Zeiterfassung ist also nicht ausschliesslich als Instrument der Fremdkontrolle zu betrachten. So wie der Autofahrer zum Überprüfen der einzuhaltenden Geschwindigkeit einen Tachometer benötigt, braucht der Mitarbeiter ein Zeiterfassungssystem. Es hilft ihm zu überprüfen, ob sein Gefühl in Bezug auf die geleistete Arbeitszeit mit der Wirklichkeit übereinstimmt. Arbeitszeiterfassung wird leider oftmals zu wenig als Schutz der Mitarbeitenden verstanden. Richtig eingesetzt kann man durch die Arbeitszeiterfassung nämlich Überbelastungen frühzeitig erkennen und es können Massnahmen zur Entlastung eingeleitet werden.

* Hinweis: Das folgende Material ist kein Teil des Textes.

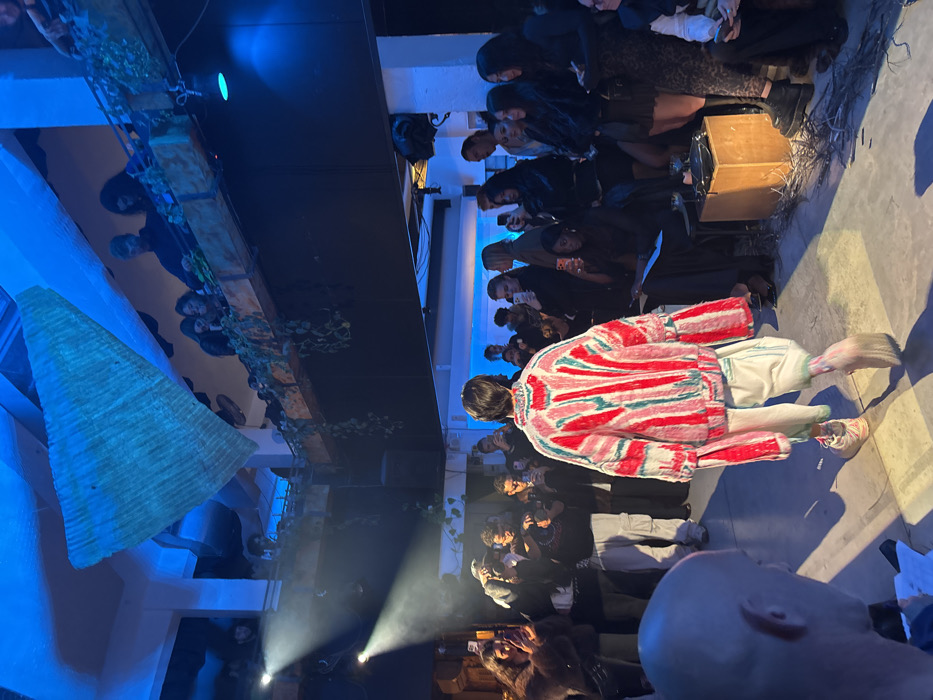 A fashion show with a model wearing a red and white striped jacket and white shorts. The model is walking down a runway, surrounded by an audience holding up phones to capture the moment. The room has a blue hue, with spotlights shining on the model. A large, triangular, woven structure hangs from the ceiling, adding to the artistic ambiance.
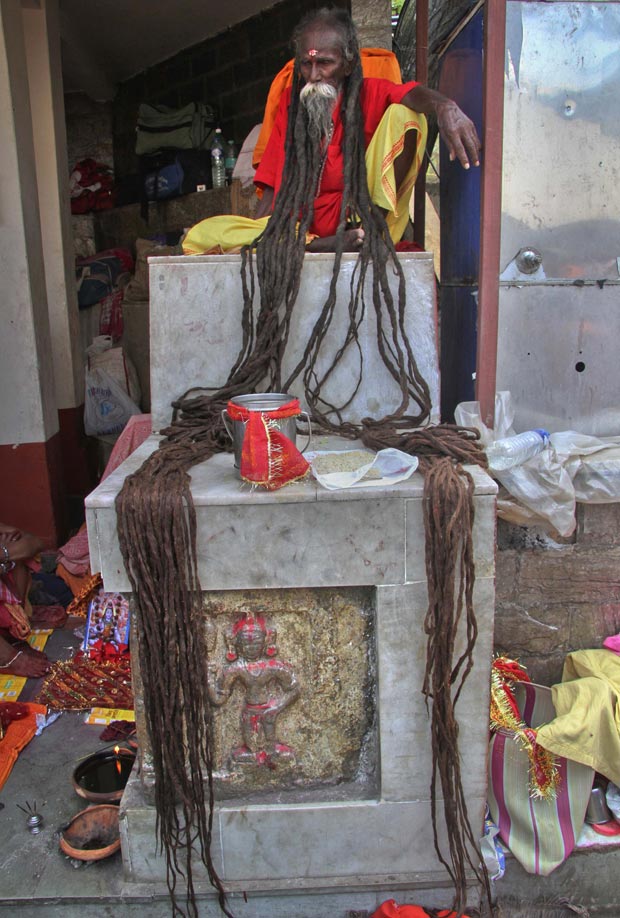 Homem estendeu os longos dreads em volta de um pote onde as doações podem ser colocadas. Ele é um "sadhu", considerado um homem santo na religião hindu (Foto: Utpal Baruah/Reuters)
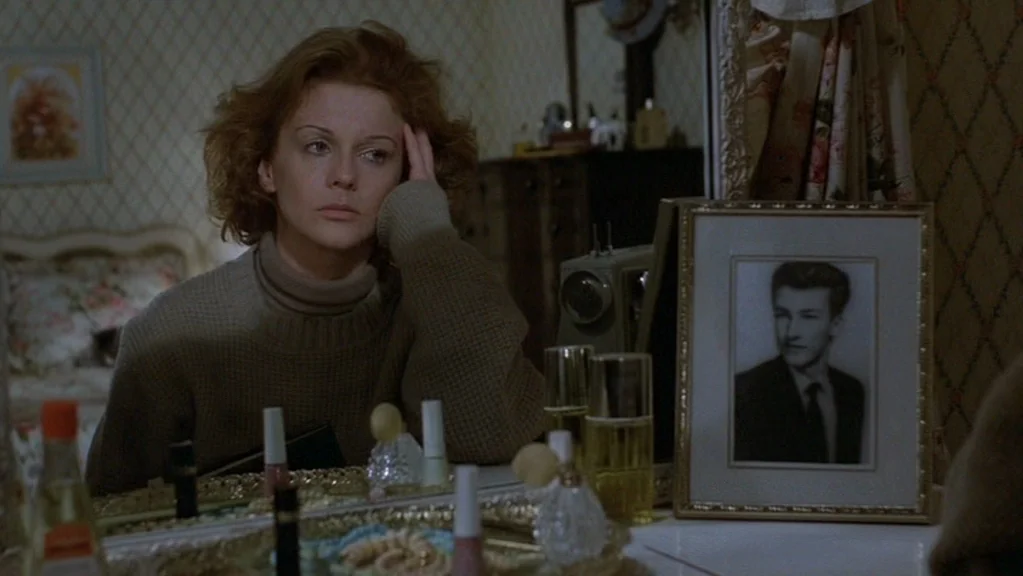 Magic (1978) movie still: medium — A woman sits at a vanity with patterned wallpaper and an ornate mirror. She gazes toward a framed black-and-white…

Der von der ABB verwendete Begriff «Vertrauensarbeitszeit» müsste eigentlich «Gefühlsarbeitszeit» heissen. Würde dieser Begriff verwendet, dann könnte jeder Laie erkennen, wie absurd die Diskussion um die Vertrauensarbeitszeit ist, die wir seit 20 Jahren führen. Unternehmen ohne Zeiterfassung schaffen Misstrauen, Perspektivenwechsel weg vom einzelnen Menschen hin zu einem Team: Jeder, der einmal in der Primarschule war, weiss, dass Menschen ganz unterschiedlich leistungsfähig sind. Und Menschen sind auch ganz unterschiedlich leistungsbereit.